Deadly, multimillion-dollar treasure hunt claims fourth victim: Report

A man who fell to his death last year in Yellowstone National Park was revealed Monday to have been looking for a chest of gold and jewels that antiques dealer Forrest Fenn claims to have hid in a mysterious location. This marks the fourth confirmed death in pursuit of the treasure.

Through a Freedom of Information Act Request, Montana TV station KULR-8 discovered that Jeff Murphy, 53, a hiker who had plunged 500 feet down a steep slope on Turkey Pen Peak and was discovered dead on June 9, 2017, had in fact been seeking out Fenn’s cache at the time of his fatal fall.

Murphy’s wife reported him missing the day before authorities found his body. She also told investigators the treasure hunt was the reason for her husband’s hike, but that information was kept private until now.

The police report confirms Murphy’s death was accidental.

As CrimeOnline previously reported, Fenn—an eccentric 86-year-old New Mexico millionaire—left clues in his 2010 memoir “The Thrill of the Chase” about the location of a treasure trove he supposedly planted, filled with valuables worth a total of $2 million.

“[It is] mostly American eagles and double eagles, hundreds of gold nuggets, some as large as chicken eggs, ancient Chinese carved jade figures, Pre-Colombian gold animal artifacts, lots of rubies, emeralds, sapphires, and diamonds and other things.”

The Washington Post reveals that Fenn created the treasure hunt to encourage people to get outdoors.

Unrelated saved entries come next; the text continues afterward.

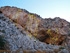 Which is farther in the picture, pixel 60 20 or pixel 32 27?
pixel 60 20

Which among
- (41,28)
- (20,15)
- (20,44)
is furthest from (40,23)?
(20,44)

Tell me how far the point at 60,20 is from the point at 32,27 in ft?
24.0

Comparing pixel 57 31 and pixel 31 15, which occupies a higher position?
pixel 31 15

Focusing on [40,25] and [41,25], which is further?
[41,25]

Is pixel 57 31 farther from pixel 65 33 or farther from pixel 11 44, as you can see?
pixel 11 44

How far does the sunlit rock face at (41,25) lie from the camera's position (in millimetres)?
45219

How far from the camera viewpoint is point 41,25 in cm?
4684

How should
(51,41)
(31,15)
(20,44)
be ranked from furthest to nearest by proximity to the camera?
1. (31,15)
2. (51,41)
3. (20,44)

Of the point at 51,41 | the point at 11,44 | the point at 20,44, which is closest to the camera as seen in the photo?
the point at 11,44

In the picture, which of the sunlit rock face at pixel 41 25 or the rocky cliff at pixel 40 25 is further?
the sunlit rock face at pixel 41 25

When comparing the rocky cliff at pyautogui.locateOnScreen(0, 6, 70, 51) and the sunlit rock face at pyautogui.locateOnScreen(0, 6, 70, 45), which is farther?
the sunlit rock face at pyautogui.locateOnScreen(0, 6, 70, 45)

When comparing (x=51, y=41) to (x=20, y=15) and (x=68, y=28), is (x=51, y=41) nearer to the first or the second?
(x=68, y=28)

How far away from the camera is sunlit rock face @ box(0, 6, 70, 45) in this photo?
45219 millimetres

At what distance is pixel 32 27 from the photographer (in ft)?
151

He says the stash “is buried above the elevation of 5,000ft somewhere in the Rocky Mountains between Santa Fe, NM and the Canadian border.”

A cryptic passage in Fenn’s book, presumably hinting at the location of the chest, reads, “So hear me all and listen good, Your effort will be worth the cold. If you are brave and in the wood, I give you title to the gold.”

Fenn has expressed his sympathies for the four deaths, but has resisted calls to cancel the hunt. He told the paper that the treasure is located in a place that’s safe to hike.

“As with deer hunters and fishermen, there is an inherent risk that comes with hiking the canyons and mountain trails,” he said.

“I have said that no one should search in a place where an 80-year-old man could not hide it.”